SUPPLIED MATERIAL:
■ ■ ■ ■ ■
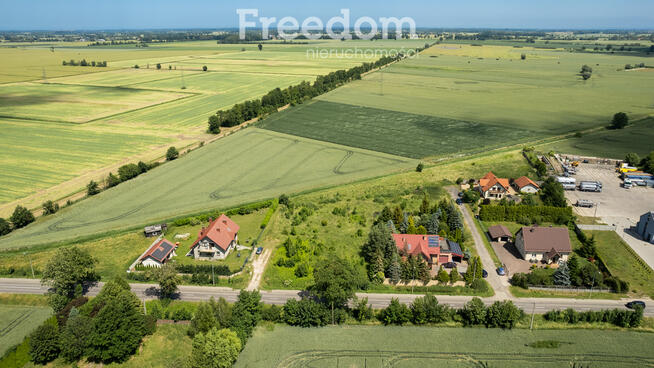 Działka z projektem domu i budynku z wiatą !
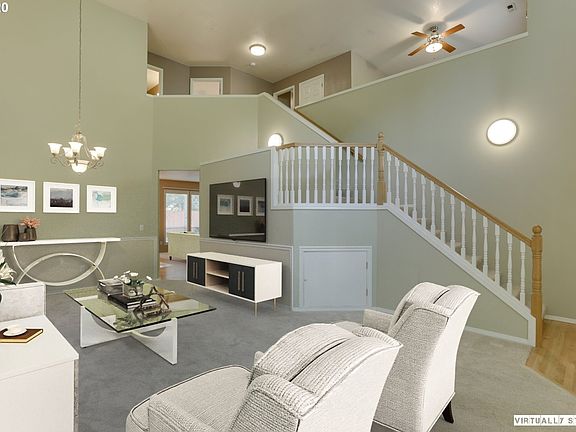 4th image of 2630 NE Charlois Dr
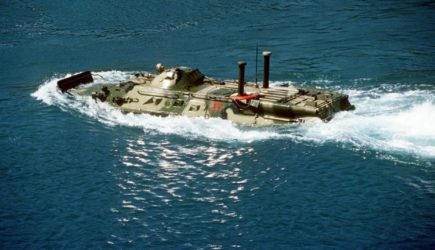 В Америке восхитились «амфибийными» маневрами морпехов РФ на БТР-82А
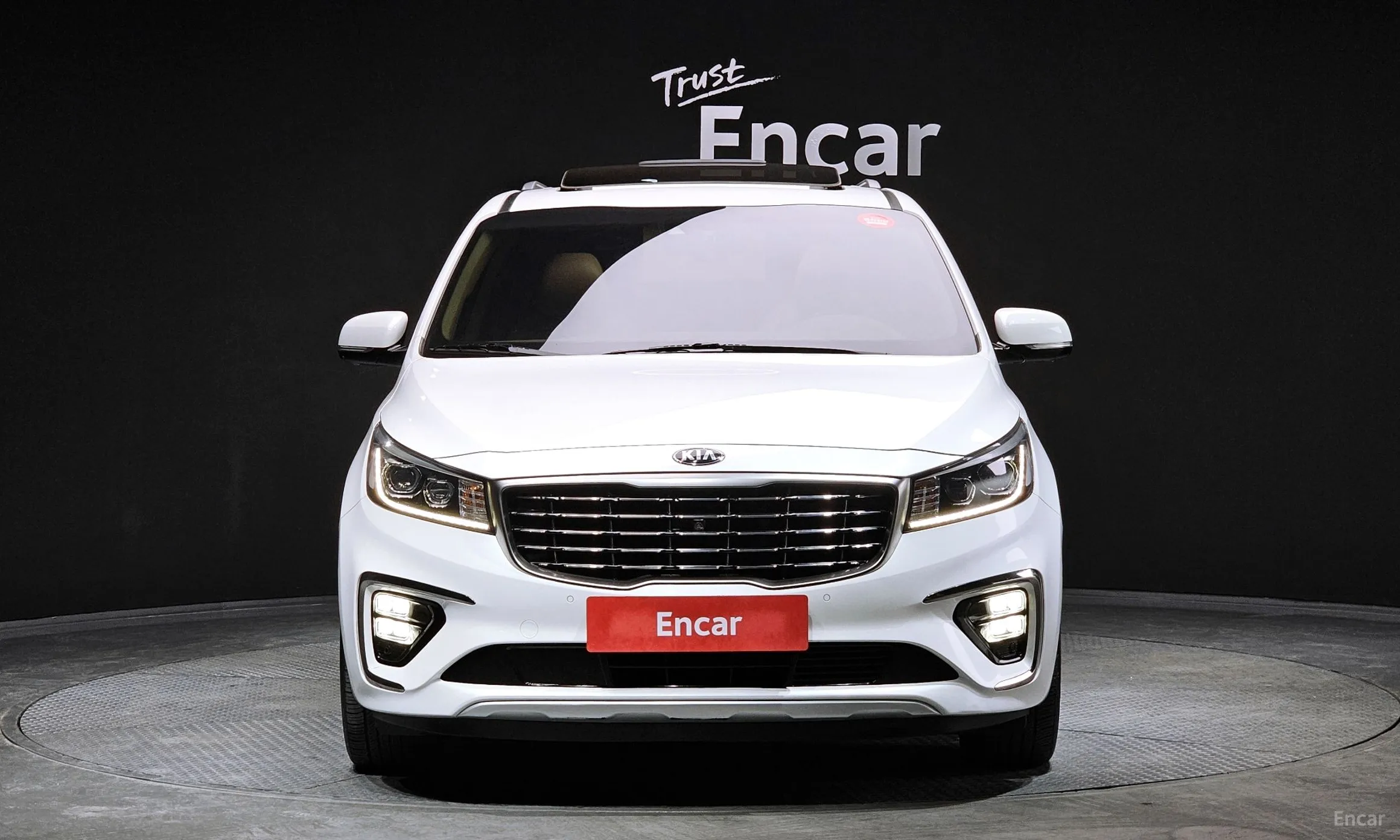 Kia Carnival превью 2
■ ■ ■ ■ ■
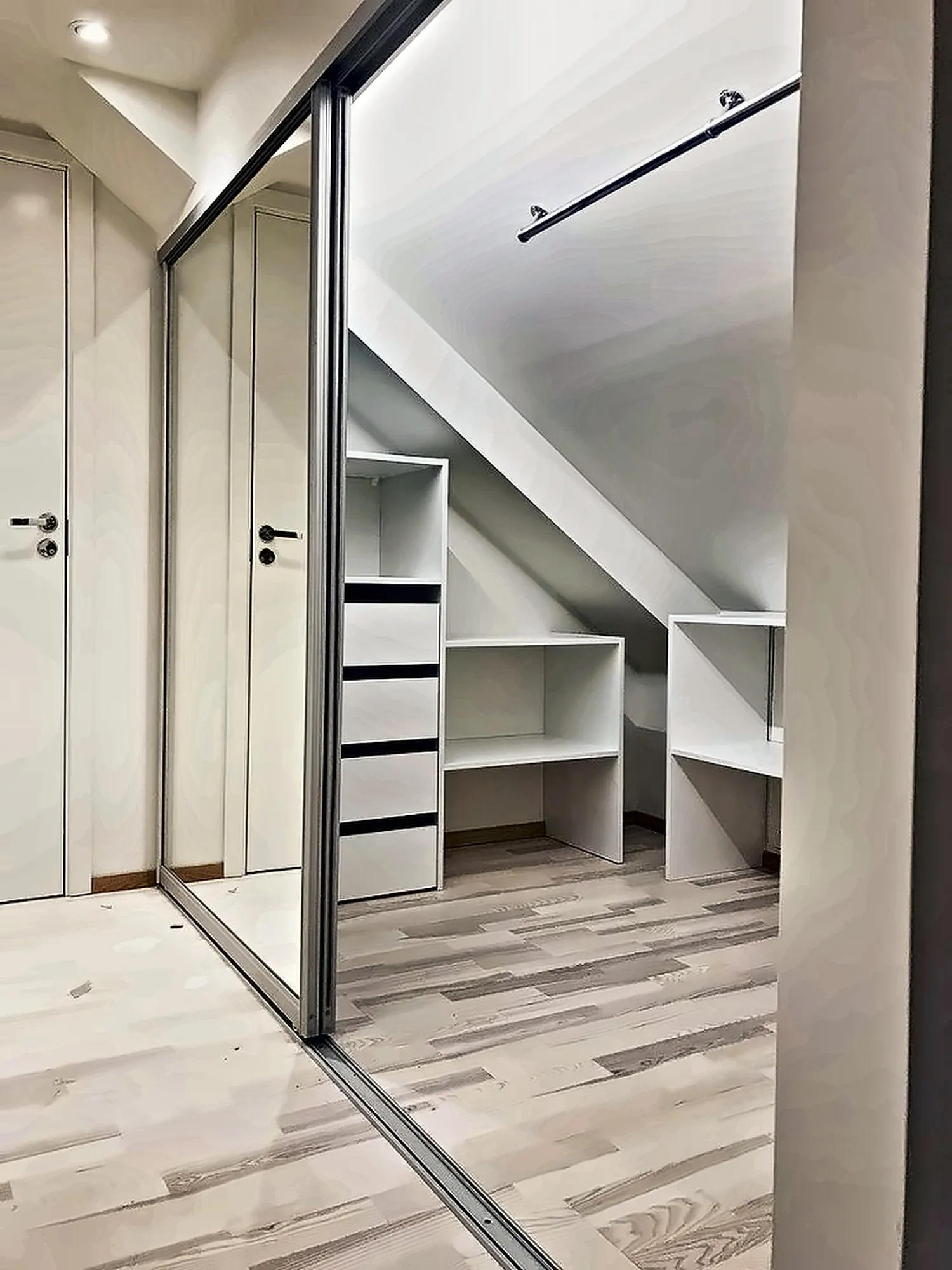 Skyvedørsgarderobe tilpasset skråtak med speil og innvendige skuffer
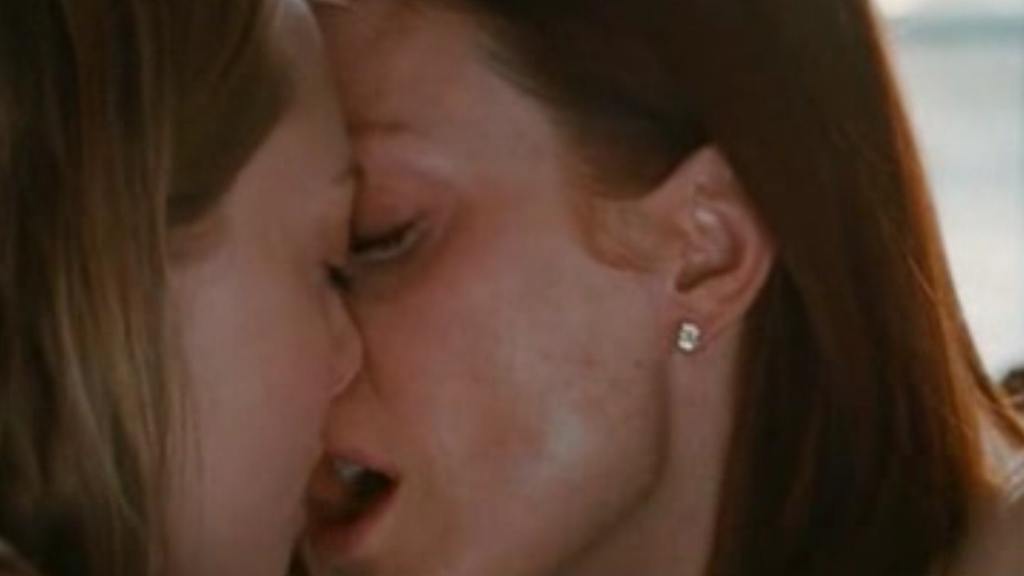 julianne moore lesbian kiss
■ ■ ■ ■ ■
WORK TO BE COMPLETED: Give again the lines of the listing above that run from the one with "Działka z projektem domu i budynku z wiatą !" up to and including the one with "Kia Carnival превью 2". Keep them exact and omit the pictures.

RESULT BELOW:
 Działka z projektem domu i budynku z wiatą !
 4th image of 2630 NE Charlois Dr
 В Америке восхитились «амфибийными» маневрами морпехов РФ на БТР-82А
 Kia Carnival превью 2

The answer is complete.